Returning again to step 206, if the hit signal is not asserted, address information provided by address bus 11 is stored in one of the plurality of line buffers 46-47 indicated by line buffer control signal 21. Additionally, corresponding data accessed from memory 20 is provided to CPU 26 and is also stored in the one of the plurality of line buffers 46-47 accessed by interface state machine 44 through line buffer control signal 21.

Subsequently, interface state machine 44 determines whether or not the accessed one of the plurality of line buffers 46-47 has more line buffer capacity in step 216. If not, the memory access operation is terminated in step 228 and interface state machine 44 returns to an initial state 200. If there is additional capacity, it is then determined, in a step 220, whether or not the sequential access signal is asserted. It should be noted that step 220 is an optional step. If the sequential access signal is not asserted, a data read operation is initiated from memory 20 in step 204. If the sequential access signal is asserted, data to be stored in the additional buffer capacity is read from memory 20 via memory data bus 5 in step 224. Subsequently, the data read from memory 20 is stored in the accessed one of the plurality of line buffers 46-47 in a step 226. After step 226 is completed, interface state machine 44 returns state flow to step 216.

An example of operation of memory interface unit 24 is subsequently illustrated in FIG. 9. FIG. 9 provides a table which includes resultant conditions after execution of interface state machine in compliance with FIG. 4-A, and serves as an example of code execution according to one embodiment of the present invention.

FIG. 9 illustrates an example of execution of data processor 1, illustrated in FIG. 2, according to one embodiment of the present invention. The processing flow is in order from top down.

Starting in the first row, address 00 is assumed to be the initial address provided by CPU 26. Memory 20 has data d1 stored in address 00. CPU 26 provides address 00 to memory interface unit 24, and specifically to comparator 40. Comparator 40 looks for a match between address 00 and the addresses stored in line buffers 46-47. The corresponding hit indicator is 0, indicating that the hit signal provided by comparator 40 is negated.
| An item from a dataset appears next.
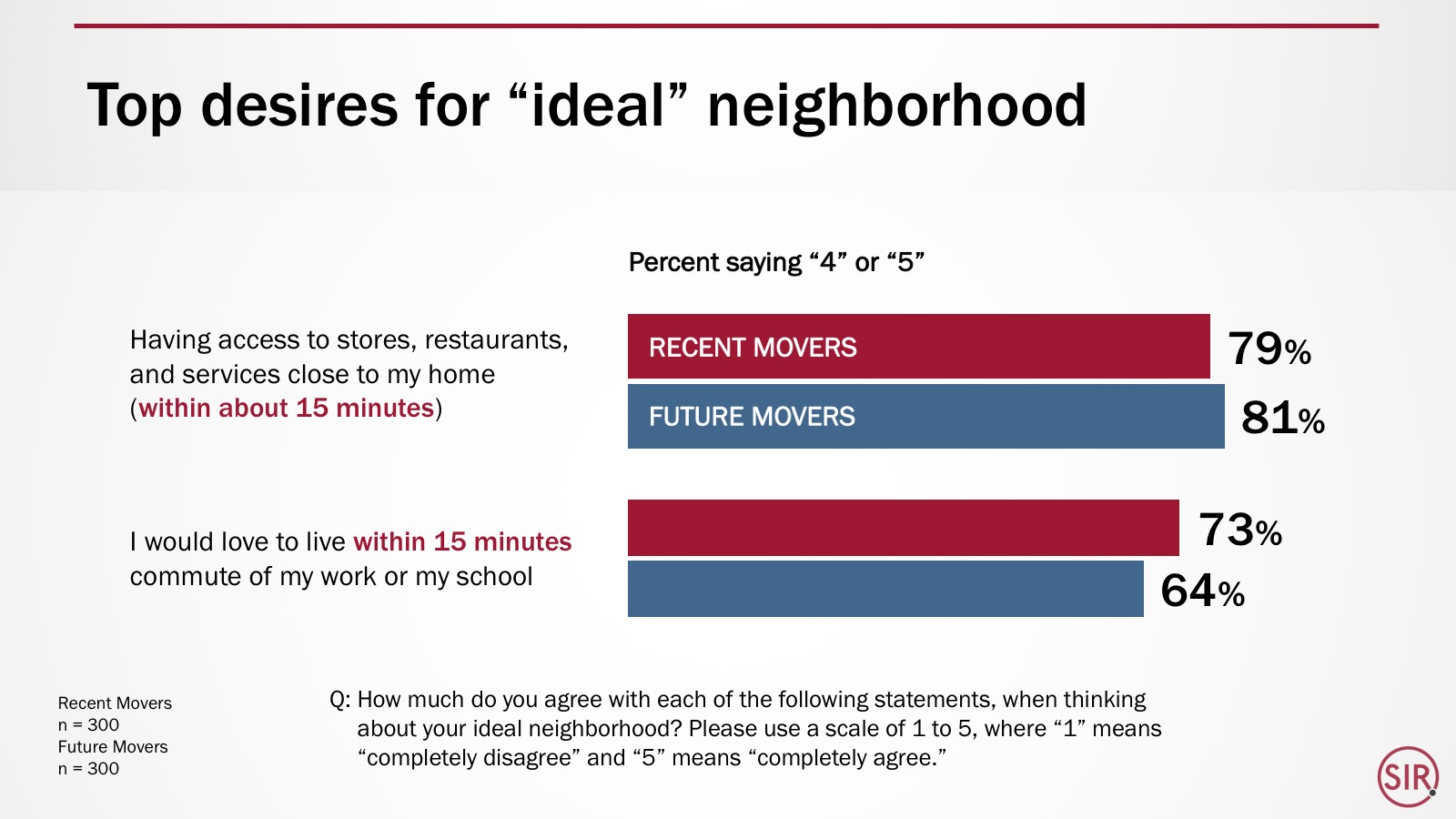 Source: 2016 Movers Study conducted for the Office of Intermodal Planning and Investment, Commonwealth of Virginia.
Negation of the hit signal indicates the address 00 is not stored in any one of the plurality of line buffers 46 and 47. Continuing across the first row, notice that the sequential indicator is 0, indicating that the sequential access signal is negated. The first row represents the intiation of processing and therefore, is treated as if it were a change in operation flow. At this point, no data is stored in any of the plurality of line buffers 46-47, therefore, no data is available for access from any of the plurality of line buffers 46-47. Interface state machine 44 recognizes an initialization step as a change in flow and subsequently stores data d1 from address 00 in memory 20 to line buffer 46. This example of operation starts with line buffer 46, however alternate embodiments may start with any one of the plurality of line buffers 46-47. Prior to initialization (until the first write of d1 to line buffer 46), no valid data is stored in any of the plurality of line buffers 46-47.
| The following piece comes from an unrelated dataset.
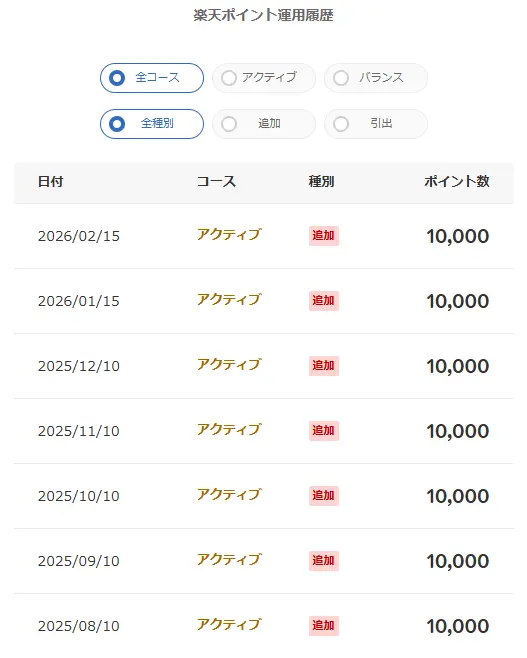 Rakuten Point Investment History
The next row illustrates sequential processing where CPU 26 provides address 04. The data stored in address 04 of memory 20 is d2. In this situation, the hit indicator indicates that this address does not match the address stored in line buffer 46, line buffer 46 being the only line buffer that contains valid data. The associated sequential indicator is a 1, indicating that the address provided by CPU 26 is the next sequential address. Note that the sequential access signal will be asserted at this point and data d2 accessed from memory 20 address 04. However, because this is a sequential access, the data stored in line buffer 46 is not modified and no additional data is stored in any of the other sline buffers. In this example it is assumed that the line buffer only stores one data value.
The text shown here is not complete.